### What you should do
Starting at the line below holding "Melbourne Demons Football" and stopping at the line holding "외국 십자수패키지 Design Works/ ASIAN SPLENDOR-9442", print every line exactly, both ends included, and leave the rest out.

[Opening Extracted material section]

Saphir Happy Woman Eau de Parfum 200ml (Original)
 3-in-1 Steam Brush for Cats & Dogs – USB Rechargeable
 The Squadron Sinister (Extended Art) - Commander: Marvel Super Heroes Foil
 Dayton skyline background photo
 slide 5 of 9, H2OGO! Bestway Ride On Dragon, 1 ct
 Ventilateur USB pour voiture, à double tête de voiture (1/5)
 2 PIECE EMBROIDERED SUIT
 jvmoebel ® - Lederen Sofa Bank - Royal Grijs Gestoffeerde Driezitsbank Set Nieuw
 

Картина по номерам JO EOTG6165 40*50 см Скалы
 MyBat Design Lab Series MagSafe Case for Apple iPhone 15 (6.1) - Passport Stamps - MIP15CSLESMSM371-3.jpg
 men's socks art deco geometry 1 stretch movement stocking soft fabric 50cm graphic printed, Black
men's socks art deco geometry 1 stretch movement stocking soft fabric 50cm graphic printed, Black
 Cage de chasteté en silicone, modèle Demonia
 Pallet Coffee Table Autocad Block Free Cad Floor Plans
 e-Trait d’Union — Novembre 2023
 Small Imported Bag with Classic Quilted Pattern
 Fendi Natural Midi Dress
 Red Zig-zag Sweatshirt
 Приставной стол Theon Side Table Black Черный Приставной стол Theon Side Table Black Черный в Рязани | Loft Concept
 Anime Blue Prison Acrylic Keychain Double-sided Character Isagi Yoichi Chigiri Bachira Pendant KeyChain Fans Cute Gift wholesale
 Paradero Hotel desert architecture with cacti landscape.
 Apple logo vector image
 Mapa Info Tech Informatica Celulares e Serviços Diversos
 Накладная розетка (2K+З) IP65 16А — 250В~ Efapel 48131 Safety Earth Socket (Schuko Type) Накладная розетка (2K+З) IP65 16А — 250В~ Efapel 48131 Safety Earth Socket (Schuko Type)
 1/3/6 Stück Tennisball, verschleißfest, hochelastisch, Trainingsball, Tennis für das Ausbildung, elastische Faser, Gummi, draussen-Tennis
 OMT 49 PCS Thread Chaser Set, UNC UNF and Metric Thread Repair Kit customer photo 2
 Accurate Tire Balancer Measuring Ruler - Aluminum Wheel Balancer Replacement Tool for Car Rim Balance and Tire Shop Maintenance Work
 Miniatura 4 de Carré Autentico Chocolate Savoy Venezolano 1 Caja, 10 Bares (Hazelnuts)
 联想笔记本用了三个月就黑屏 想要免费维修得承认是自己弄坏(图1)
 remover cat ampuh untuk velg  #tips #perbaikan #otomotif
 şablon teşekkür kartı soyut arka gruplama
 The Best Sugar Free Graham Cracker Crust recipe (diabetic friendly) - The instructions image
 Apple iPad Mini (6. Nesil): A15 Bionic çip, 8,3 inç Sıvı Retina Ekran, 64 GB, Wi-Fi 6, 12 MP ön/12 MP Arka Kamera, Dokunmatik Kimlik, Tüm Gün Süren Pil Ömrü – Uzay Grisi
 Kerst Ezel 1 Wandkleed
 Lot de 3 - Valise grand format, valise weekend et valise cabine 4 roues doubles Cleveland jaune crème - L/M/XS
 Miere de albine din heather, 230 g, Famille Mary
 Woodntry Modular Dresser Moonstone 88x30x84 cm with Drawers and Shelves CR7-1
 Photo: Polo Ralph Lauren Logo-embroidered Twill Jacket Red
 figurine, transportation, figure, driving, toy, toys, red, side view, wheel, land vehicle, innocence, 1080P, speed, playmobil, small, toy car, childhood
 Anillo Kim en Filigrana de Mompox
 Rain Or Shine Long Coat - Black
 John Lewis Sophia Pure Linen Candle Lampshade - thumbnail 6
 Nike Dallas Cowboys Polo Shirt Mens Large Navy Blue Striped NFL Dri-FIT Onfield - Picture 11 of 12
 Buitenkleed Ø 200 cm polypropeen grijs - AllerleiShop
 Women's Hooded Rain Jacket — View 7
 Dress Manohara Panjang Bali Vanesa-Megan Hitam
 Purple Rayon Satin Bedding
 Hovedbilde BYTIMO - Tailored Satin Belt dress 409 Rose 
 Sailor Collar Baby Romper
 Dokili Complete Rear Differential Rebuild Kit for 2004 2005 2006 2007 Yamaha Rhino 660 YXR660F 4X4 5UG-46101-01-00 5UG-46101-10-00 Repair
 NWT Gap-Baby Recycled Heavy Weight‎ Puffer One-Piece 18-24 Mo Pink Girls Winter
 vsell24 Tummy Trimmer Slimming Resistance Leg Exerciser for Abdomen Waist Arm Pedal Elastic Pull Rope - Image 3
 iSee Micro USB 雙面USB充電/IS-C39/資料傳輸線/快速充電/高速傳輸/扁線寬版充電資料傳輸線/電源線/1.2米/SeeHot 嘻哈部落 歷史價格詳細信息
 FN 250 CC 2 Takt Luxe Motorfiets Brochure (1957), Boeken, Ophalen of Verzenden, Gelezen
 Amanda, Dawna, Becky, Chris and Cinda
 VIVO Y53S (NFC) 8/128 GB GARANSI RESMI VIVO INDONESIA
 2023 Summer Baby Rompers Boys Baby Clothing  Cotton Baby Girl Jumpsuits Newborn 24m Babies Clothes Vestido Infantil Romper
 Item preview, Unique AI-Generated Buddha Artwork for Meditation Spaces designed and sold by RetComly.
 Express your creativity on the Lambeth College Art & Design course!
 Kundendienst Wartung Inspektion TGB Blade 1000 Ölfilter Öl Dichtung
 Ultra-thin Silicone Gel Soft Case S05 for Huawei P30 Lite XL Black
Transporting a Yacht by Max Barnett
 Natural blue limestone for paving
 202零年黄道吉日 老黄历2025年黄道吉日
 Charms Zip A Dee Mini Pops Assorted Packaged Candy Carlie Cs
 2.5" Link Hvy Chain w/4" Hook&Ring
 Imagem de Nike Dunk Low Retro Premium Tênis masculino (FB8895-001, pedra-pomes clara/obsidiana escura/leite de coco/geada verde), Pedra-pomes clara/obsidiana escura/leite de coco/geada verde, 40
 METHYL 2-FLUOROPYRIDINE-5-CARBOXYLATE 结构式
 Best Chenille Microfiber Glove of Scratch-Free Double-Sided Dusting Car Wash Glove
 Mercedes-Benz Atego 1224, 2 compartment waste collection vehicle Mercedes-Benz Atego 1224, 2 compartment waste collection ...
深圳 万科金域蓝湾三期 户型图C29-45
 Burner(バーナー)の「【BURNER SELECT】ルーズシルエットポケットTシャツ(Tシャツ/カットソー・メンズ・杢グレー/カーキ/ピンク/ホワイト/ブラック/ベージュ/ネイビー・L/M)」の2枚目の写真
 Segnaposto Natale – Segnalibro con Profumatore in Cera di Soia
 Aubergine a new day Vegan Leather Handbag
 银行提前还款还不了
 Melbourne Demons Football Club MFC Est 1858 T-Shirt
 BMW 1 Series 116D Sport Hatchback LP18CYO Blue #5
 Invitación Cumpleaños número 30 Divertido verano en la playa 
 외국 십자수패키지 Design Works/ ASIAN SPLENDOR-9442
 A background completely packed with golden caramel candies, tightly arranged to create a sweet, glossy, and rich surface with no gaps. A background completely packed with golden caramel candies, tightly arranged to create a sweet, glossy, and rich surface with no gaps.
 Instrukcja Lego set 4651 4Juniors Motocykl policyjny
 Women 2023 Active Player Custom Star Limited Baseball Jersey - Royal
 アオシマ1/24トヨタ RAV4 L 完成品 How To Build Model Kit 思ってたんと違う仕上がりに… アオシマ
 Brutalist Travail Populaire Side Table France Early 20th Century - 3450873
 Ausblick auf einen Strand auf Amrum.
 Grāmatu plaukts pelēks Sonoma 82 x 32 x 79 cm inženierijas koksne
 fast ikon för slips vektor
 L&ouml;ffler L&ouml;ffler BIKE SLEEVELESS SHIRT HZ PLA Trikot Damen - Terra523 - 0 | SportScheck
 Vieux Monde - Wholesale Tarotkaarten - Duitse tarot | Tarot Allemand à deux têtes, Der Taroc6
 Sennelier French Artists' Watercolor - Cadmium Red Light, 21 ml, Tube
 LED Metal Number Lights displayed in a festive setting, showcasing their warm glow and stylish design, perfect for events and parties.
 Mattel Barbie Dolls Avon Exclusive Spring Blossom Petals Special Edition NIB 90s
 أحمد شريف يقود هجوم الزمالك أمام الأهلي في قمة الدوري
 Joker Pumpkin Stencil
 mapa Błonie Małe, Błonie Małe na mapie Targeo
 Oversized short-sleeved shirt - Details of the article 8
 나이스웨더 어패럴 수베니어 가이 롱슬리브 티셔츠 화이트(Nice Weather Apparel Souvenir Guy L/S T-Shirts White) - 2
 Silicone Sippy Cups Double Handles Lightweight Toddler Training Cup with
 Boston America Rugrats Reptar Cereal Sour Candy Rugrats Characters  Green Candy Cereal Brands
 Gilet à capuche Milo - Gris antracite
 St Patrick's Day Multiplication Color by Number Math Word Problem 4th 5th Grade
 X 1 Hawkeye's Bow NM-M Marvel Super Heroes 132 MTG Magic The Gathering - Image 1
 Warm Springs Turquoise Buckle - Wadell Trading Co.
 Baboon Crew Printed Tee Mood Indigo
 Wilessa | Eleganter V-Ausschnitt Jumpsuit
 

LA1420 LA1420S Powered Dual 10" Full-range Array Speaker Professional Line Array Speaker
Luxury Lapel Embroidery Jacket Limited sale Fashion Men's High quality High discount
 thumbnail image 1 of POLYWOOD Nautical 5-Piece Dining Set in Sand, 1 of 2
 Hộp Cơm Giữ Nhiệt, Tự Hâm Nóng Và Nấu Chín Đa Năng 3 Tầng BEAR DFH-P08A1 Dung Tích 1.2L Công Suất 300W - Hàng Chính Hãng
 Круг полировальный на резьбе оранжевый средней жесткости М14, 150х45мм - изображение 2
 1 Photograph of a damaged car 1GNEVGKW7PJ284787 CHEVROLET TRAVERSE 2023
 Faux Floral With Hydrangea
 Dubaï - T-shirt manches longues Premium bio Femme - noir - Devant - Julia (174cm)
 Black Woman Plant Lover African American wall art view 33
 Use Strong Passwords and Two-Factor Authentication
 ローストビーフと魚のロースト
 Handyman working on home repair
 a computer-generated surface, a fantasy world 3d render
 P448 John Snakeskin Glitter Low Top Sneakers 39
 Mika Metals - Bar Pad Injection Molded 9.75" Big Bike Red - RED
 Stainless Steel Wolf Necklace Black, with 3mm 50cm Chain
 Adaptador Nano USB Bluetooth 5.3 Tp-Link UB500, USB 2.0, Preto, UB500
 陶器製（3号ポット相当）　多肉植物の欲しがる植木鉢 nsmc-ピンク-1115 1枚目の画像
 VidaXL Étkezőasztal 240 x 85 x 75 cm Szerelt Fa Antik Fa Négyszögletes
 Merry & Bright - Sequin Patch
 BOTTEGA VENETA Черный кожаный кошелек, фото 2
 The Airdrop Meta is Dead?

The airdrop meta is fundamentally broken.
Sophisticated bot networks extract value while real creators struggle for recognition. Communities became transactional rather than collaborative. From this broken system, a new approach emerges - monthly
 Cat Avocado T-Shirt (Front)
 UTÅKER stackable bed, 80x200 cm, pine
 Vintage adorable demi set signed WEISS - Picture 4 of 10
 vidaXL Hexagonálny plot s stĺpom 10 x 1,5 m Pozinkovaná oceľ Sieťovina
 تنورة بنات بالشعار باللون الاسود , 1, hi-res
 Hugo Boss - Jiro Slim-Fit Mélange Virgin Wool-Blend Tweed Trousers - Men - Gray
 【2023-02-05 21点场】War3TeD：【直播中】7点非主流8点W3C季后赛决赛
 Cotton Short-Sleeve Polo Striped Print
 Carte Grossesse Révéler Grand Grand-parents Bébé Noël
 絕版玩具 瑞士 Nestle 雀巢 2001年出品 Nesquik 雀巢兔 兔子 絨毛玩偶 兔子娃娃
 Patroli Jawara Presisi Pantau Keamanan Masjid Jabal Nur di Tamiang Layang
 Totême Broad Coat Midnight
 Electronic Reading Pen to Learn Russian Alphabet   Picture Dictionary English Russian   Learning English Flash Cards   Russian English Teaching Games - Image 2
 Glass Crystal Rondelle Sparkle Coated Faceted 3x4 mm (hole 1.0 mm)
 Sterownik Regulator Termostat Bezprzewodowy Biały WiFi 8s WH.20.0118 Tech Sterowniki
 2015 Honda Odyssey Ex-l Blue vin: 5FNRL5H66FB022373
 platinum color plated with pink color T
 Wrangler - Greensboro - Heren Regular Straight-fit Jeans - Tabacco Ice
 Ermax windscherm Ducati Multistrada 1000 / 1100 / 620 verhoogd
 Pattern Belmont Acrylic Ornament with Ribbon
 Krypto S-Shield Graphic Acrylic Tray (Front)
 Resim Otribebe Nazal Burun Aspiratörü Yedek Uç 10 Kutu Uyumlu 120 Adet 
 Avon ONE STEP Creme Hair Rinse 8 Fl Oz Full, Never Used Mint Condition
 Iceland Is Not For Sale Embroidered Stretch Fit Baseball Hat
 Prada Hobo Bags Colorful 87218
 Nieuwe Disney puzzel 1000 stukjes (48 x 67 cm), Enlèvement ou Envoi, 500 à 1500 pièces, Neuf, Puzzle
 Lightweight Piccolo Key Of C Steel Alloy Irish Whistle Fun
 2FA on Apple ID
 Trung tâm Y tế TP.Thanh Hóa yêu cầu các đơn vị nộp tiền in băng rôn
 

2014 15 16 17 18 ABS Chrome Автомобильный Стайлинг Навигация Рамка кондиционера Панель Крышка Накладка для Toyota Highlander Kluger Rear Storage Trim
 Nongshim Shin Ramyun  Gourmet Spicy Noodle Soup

[Closing Extracted material section]

### Result
 Melbourne Demons Football Club MFC Est 1858 T-Shirt
 BMW 1 Series 116D Sport Hatchback LP18CYO Blue #5
 Invitación Cumpleaños número 30 Divertido verano en la playa 
 외국 십자수패키지 Design Works/ ASIAN SPLENDOR-9442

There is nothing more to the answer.